Package 'mltools'

Title: Machine Learning Tools
Description: A collection of machine learning helper functions, particularly assisting in the Exploratory Data Analysis phase. Makes heavy use of the 'data.table' package for optimal speed and memory efficiency. Highlights include a versatile bin_data() function, sparsify() for converting a data.table to sparse matrix format with one-hot encoding, fast evaluation metrics, and empirical_cdf() for calculating empirical Multivariate Cumulative Distribution Functions.
Authors: Ben Gorman
Maintainer: Ben Gorman <[email protected]>
License: MIT + file LICENSE
Version: 0.3.6
Built: 2024-10-25 02:59:43 UTC
Source: https://github.com/ben519/mltools

Help Index


Alien test dataset

Description

A dataset describing features of living beings

Usage

alientest

Format

A data.table with 8 rows and 5 variables:

SkinColor

Skin color of the individual

IQScore

IQ score of the individual

Cat1

Categorical descriptor

Cat2

Categorical descriptor

Cat3

Categorical descriptor

Details

alientest <- data.table::data.table( SkinColor=c("white", "green", "brown", "white", "red"), IQScore=c(79, 100, 125, 90, 115), Cat1=c("type4", "type4", "type3", "type1", "type1"), Cat2=c("type5", "type5", "type9", "type8", "type2"), Cat3=c("type2", "type2", "type7", "type4", "type4") ) # usethis::use_data(alientest, overwrite = TRUE)


Alien training dataset

Description

A dataset describing features of living beings and whether or not they are an alien

Usage

alientrain

Format

A data.table with 8 rows and 6 variables:

SkinColor

Skin color of the individual

IQScore

IQ score of the individual

Cat1

Categorical descriptor

Cat2

Categorical descriptor

Cat3

Categorical descriptor

IsAlien

Is this being an alien?

Details

alientrain <- data.table::data.table( SkinColor=c("green", "white", "brown", "white", "blue", "white", "green", "white"), IQScore=c(300, 95, 105, 250, 115, 85, 130, 115), Cat1=c("type1", "type1", "type2", "type4", "type2", "type4", "type1", "type1"), Cat2=c("type1", "type2", "type6", "type5", "type7", "type5", "type2", "type1"), Cat3=c("type4", "type4", "type11", "type2", "type11", "type2", "type4", "type4"), IsAlien=c(TRUE, FALSE, FALSE, TRUE, TRUE, FALSE, TRUE, FALSE) ) # usethis::use_data(alientrain, overwrite = TRUE)


Area Under the ROC Curve

Description

Calculates Area Under the ROC Curve

Usage

auc_roc(preds, actuals, returnDT = FALSE)

Arguments

preds

A vector of prediction values

actuals

A vector of actuals values (numeric or ordered factor)

returnDT

If TRUE, a data.table of (FalsePositiveRate, TruePositiveRate) pairs is returned, otherwise AUC ROC score is returned

Details

If returnDT=FALSE, returns Area Under the ROC Curve.If returnDT=TRUE, returns a data.table object with False Positive Rate and True Positive Rate for plotting the ROC curve.

References

https://en.wikipedia.org/wiki/Receiver_operating_characteristic#Area_under_the_curve

Examples

library(data.table)
preds <- c(.1, .3, .3, .9)
actuals <- c(0, 0, 1, 1)
auc_roc(preds, actuals)
auc_roc(preds, actuals, returnDT=TRUE)

Map a vector of numeric values into bins

Description

Takes a vector of values and bin parameters and maps each value to an ordered factor whose levels are a set of bins like [0,1), [1,2), [2,3).

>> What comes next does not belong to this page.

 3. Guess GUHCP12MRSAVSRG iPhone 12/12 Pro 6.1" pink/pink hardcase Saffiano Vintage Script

Values may be provided as a vector or via a pair of parameters - a data.table object and the name of the column to bin.

Usage

bin_data(
  x = NULL,
  binCol = NULL,
  bins = 10,
  binType = "explicit",
  boundaryType = "lcro]",
  returnDT = FALSE,
  roundbins = FALSE
)

Arguments

x

A vector of values or a data.table object

binCol

A column of dt specifying the values to bin

bins
  • integer specifying the number of bins to generate

  • numeric vector specifying sequential bin boundaries {(x0, x1), (x1, x2), ..., (xn-1, xn)}

  • 2-column data.frame/data.table each row defines a bin

binType
  • "explicit" interpret bins as they are given

  • "quantile" interpret bins as quantiles (empty quantile bins will be discarded)

boundaryType
  • "lcro]" bins are [left-closed, right-open) except for last bin which is [left-closed, right-closed]

  • "lcro)" bins are [left-closed, right-open)

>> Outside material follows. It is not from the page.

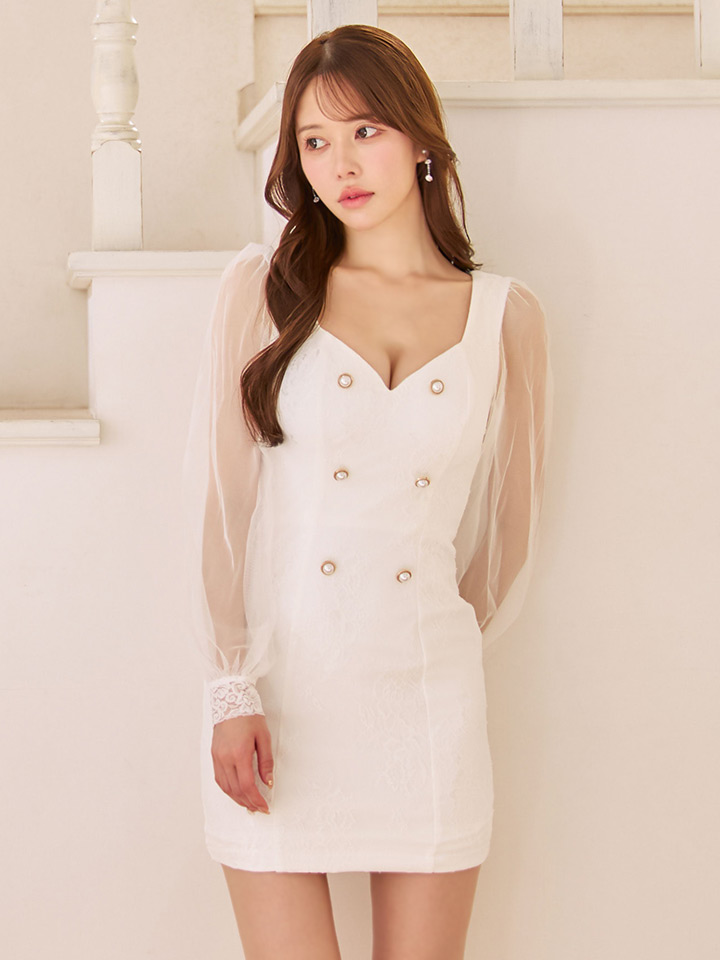 刺繍レースシアースリーブタイトミニドレス/キャバドレス2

  • "[lorc" bins are (left-open, right-closed] except for first bin which is [left-closed, right-closed]

  • "(lorc" bins are (left-open, right-closed]

returnDT

If FALSE, return an ordered factor of bins corresponding to the values given, else return a data.table object which includes all bins and values (makes a copy of data.table object if given)

roundbins

Should bin values be rounded? (Only applicable for binType = "quantile")

  • FALSE bin values are not rounded

  • TRUE NOT YET IMPLEMENTED. bin values are rounded to the lowest decimal such that data-to-bin mapping is not altered

  • non-negative integer bin values are rounded to this many decimal places

Details

This function can return two different types of output, depending on whether returnDT is TRUE or FALSE.

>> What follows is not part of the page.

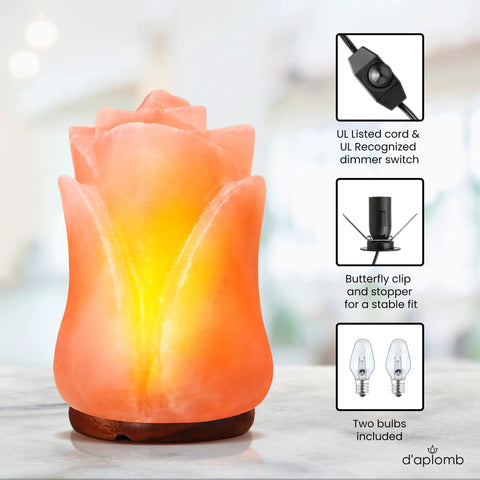 Hand Carved Himalayan Salt Lamp With Rose Crystal Rock Salt From The Himalayan Mountains Authentic Crystal Lamp Dimmer Cord With Pink Flower Accent For Cozy Vibe And Relaxing Ambience showing rose-shaped crystal with dimmer cord and bulbs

If returnDT=FALSE, returns an ordered factor vector of bins like [1, 2), [-3,-2), ... corresponding to the values which were binned and whose levels correspond to all the generated bins. (Note that empty bins may be present as unused factor levels).

If returnDT=TRUE, returns a data.table object with all values and all bins (including empty bins). If dt is provided instead of vals, a full copy of dt is created and merged with the set of generated bins.

Examples

library(data.table)
iris.dt <- data.table(iris)

# custom bins
bin_data(iris.dt, binCol="Sepal.Length", bins=c(4, 5, 6, 7, 8))

# 10 equally spaced bins
bin_data(iris$Petal.Length, bins=10, returnDT=TRUE)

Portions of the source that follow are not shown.